Cool, but not something I would ever pay for. Of course, I don’t have any reason to believe that a government or private entity is targeting me for espionage.
I would assume that some companies are offering this service for government agencies and corporate clients, but they probably don’t publicly advertise it, and they charge a lot more than Purism.
Before Purism started offering anti-interdiction services, there probably wasn’t much of a consumer market for it. By offering it at a low enough price and by advertising it, Purism is creating the consumer market for it. It wouldn’t surprise me if other companies start copying Purism’s anti-interdiction services in the future, now that Purism is demonstrating that there is demand in the market.
The Librem Key can detect tampering with the boot software, so it prevents rootkit attacks, and presumably you have disk encryption, so that should prevent tampering with the operating system and your data.
For hardware tampering, you can look at the tamper-evident tape to see if the package was opened and look at the glitter nail polish over the screws to see if anyone has opened the screws. Presumably, someone could use nail polish remover to take off the old nail polish and paint on new nail polish over the screws, but Purism sends you photos of the laptop and its packaging before it is shipped, so you can compare the tape on the packaging and the glitter pattern on your laptop’s screws to see if it matches the photo. I don’t know if the photos are high enough resolution for this to really work, but it should work in theory since the glitter pattern over each screw should be unique and you can’t recreate it.

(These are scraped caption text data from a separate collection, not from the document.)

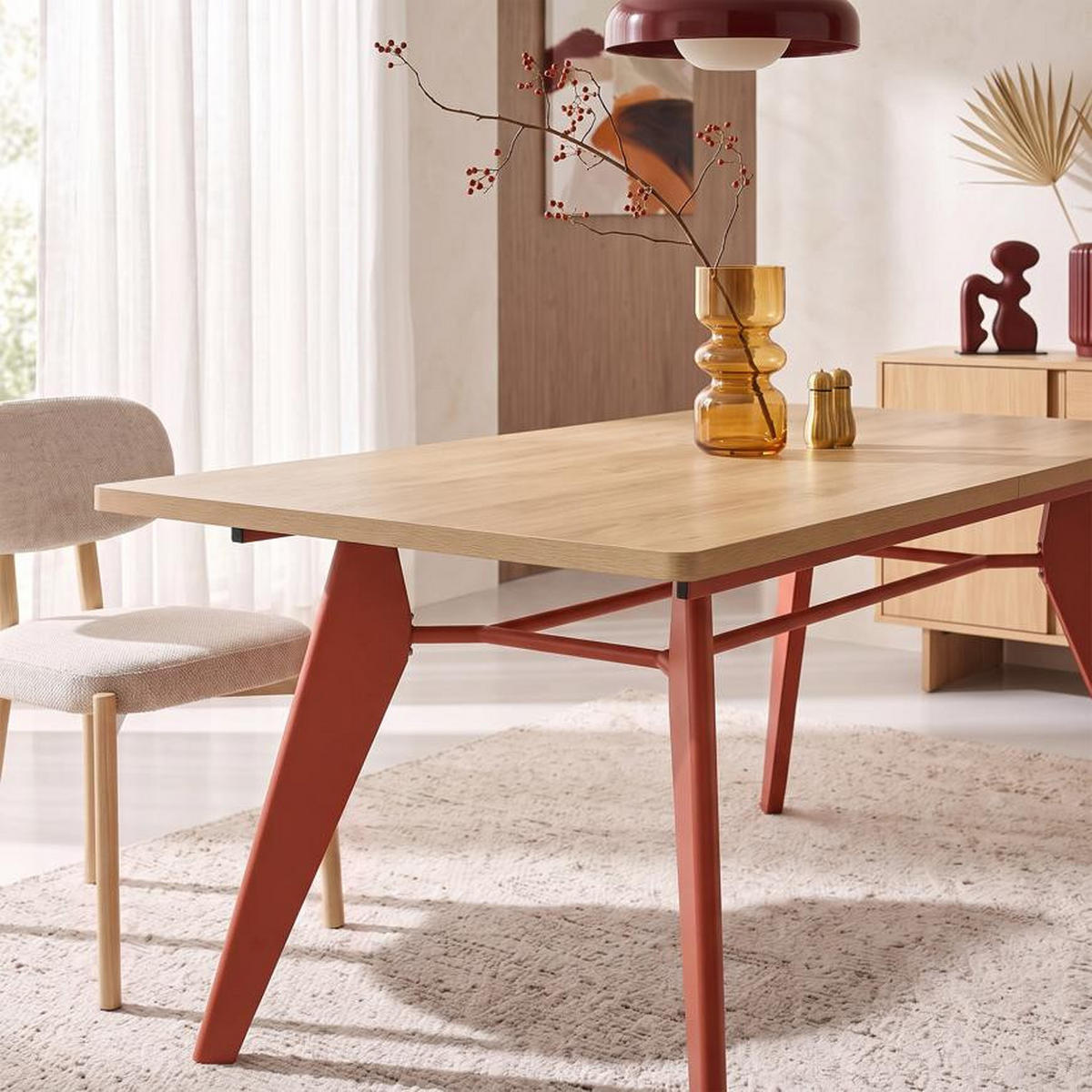 ESSTISCH ausziehbar 140/180cm Metallbeine Terracotta und Tischplatte Eiche-Optik Meloe - Eichefarben/Terracotta, Holzwerkstoff/Metall (90/140/76cm) - Sicaan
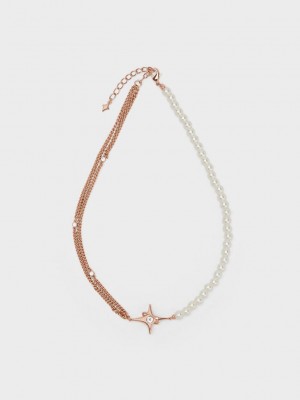 Charles & Keith Estelle Star & Pearl Choker Necklace Rosa Gold | TRZM47031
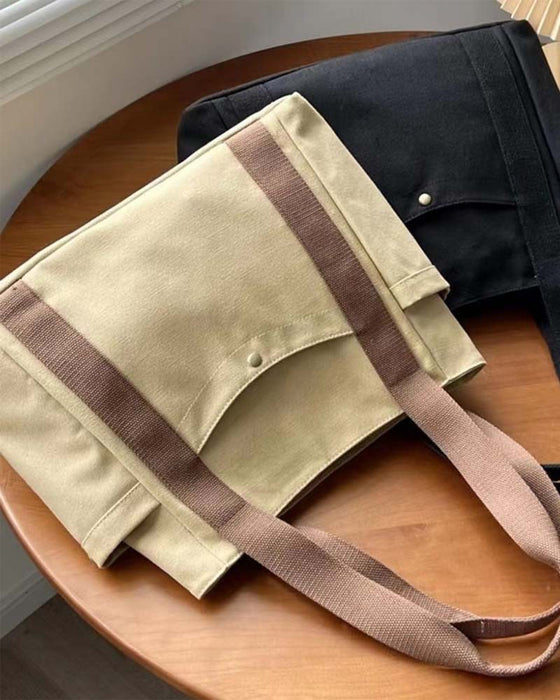 Stor kapasitet lerretsveske med doble håndtak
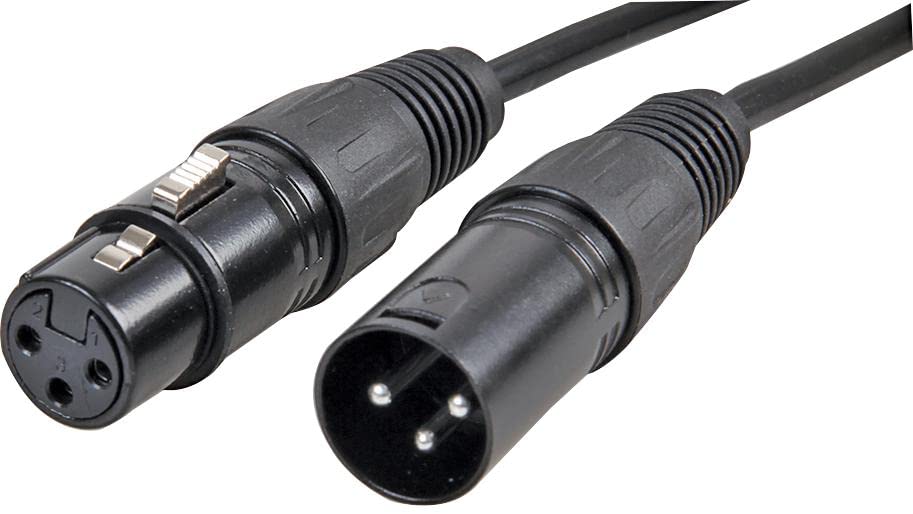 Pro Signal PSG3335-XLR-0.5M 3 Pin XLR Male to XLR Female Microphone Lead, 0.5m Black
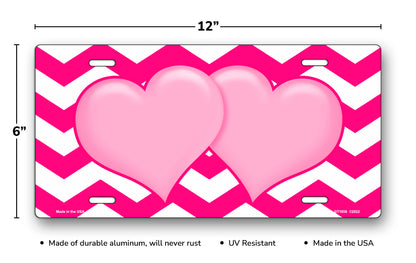 Pink Hearts on Pink Chevron License Plate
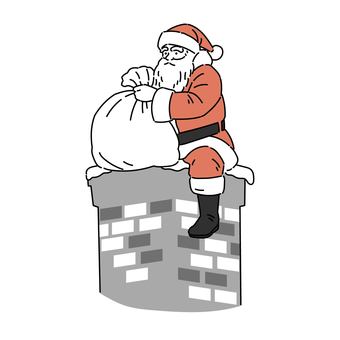 煙突に乗るサンタクロース サンタ,クリスマス,煙突,雪,全身,コスチューム,サンタクロース,クリスマスイブ,プレゼント,ギフトのイラスト素材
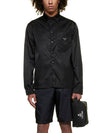 Triangle Logo Re-Nylon Long Sleeve Shirt Black - PRADA - BALAAN 4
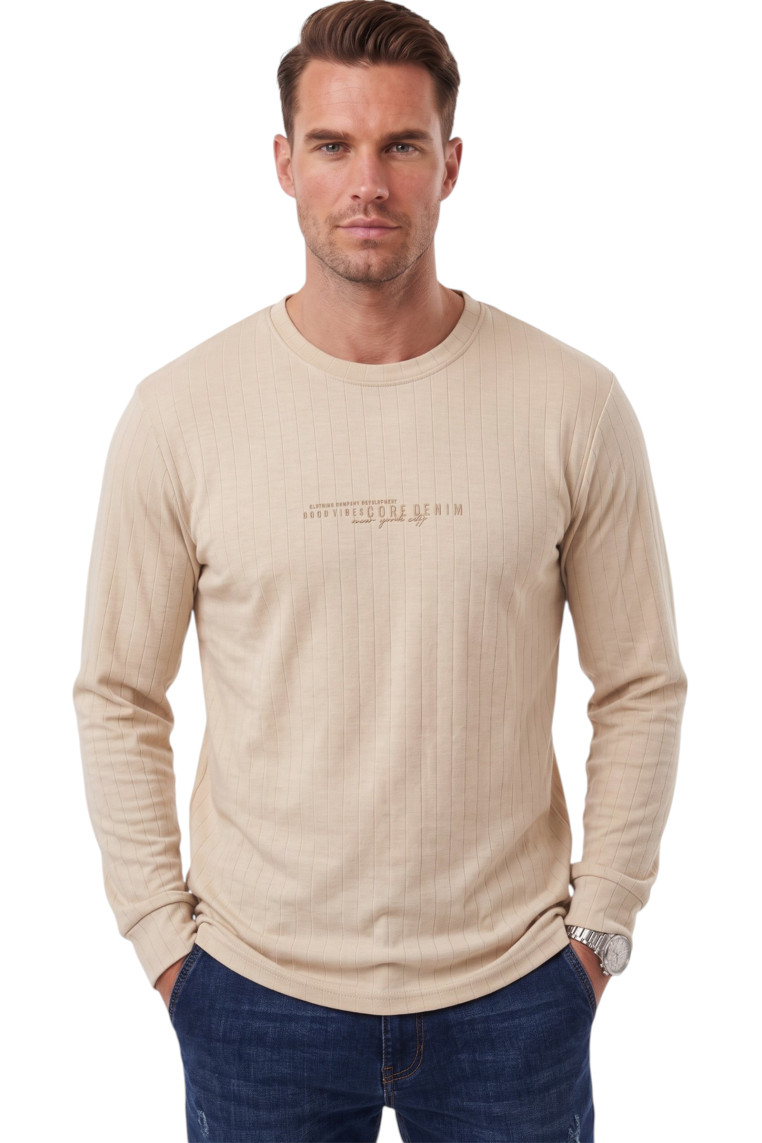 DeepSEA Erkek %95 Pamuk Slim Fit Kesik Açık Yaka Likralı Penye Sweatshirt Oval Kesim 2602299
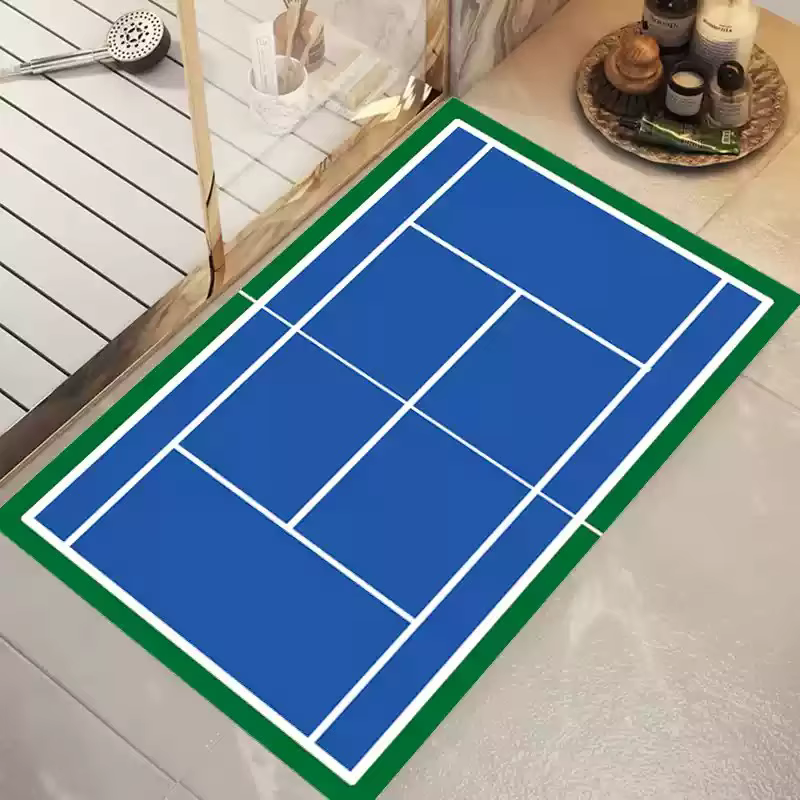 Tapis de porte à motif de terrain de Football de Tennis, tapis de bienvenue multicolore antidérapant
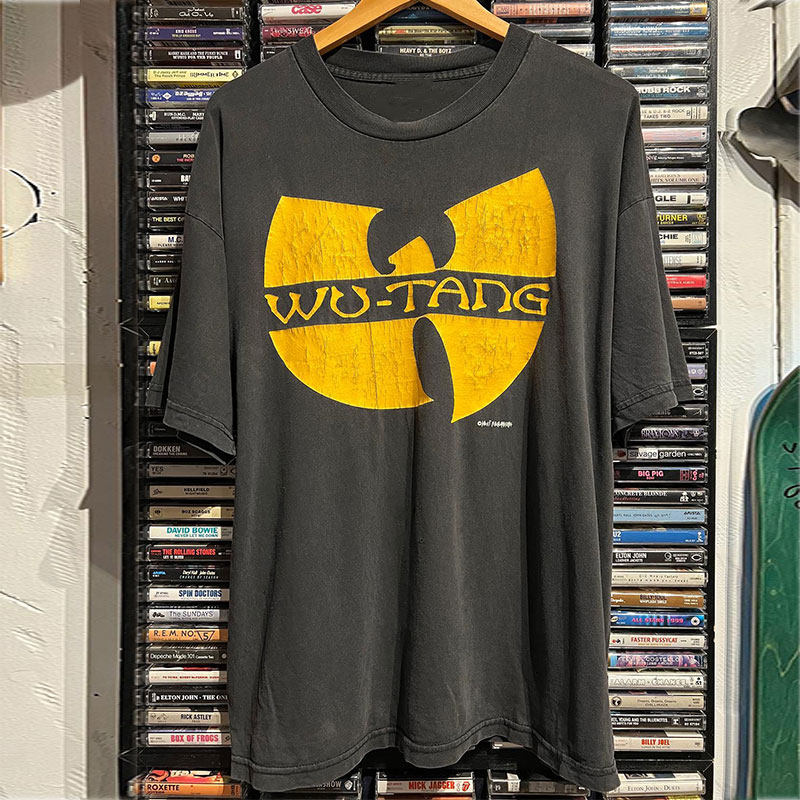 Rapcore武当摇滚乐队周边潮牌印花短袖街头Vintage复古情侣款T恤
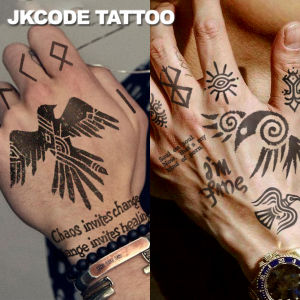 Waterproof Viking Ravens tattoo Semi-permanent TattoosCryptic Symbol Temporary TattoosLasts 1-2 Weeks Tattoos For Man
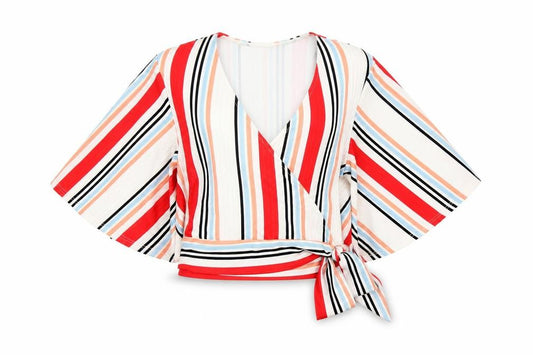 Front view of New Look women’s white striped wrap blouse, size UK 8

Purism also includes a photo of the laptop’s internals before the back case is attached, so you can check if any hardware spying device has been added to the back side of the PCB. However, if the spying device was applied during PCB assembly or put in between layers of the PCB (as was reported with Supermicro), then anti-interdiction will not detect it.
Purism released the schematics and x-rays of the Librem 5’s PCBs to prevent the insertion of spying hardware during assembly at the factory, but Purism can’t do that with the Librem 13/15, because the PCB is based on copyrighted Intel reference designs, so Purism can’t publish the schematics and I assume that Intel also has restrictions on publishing x-rays as well.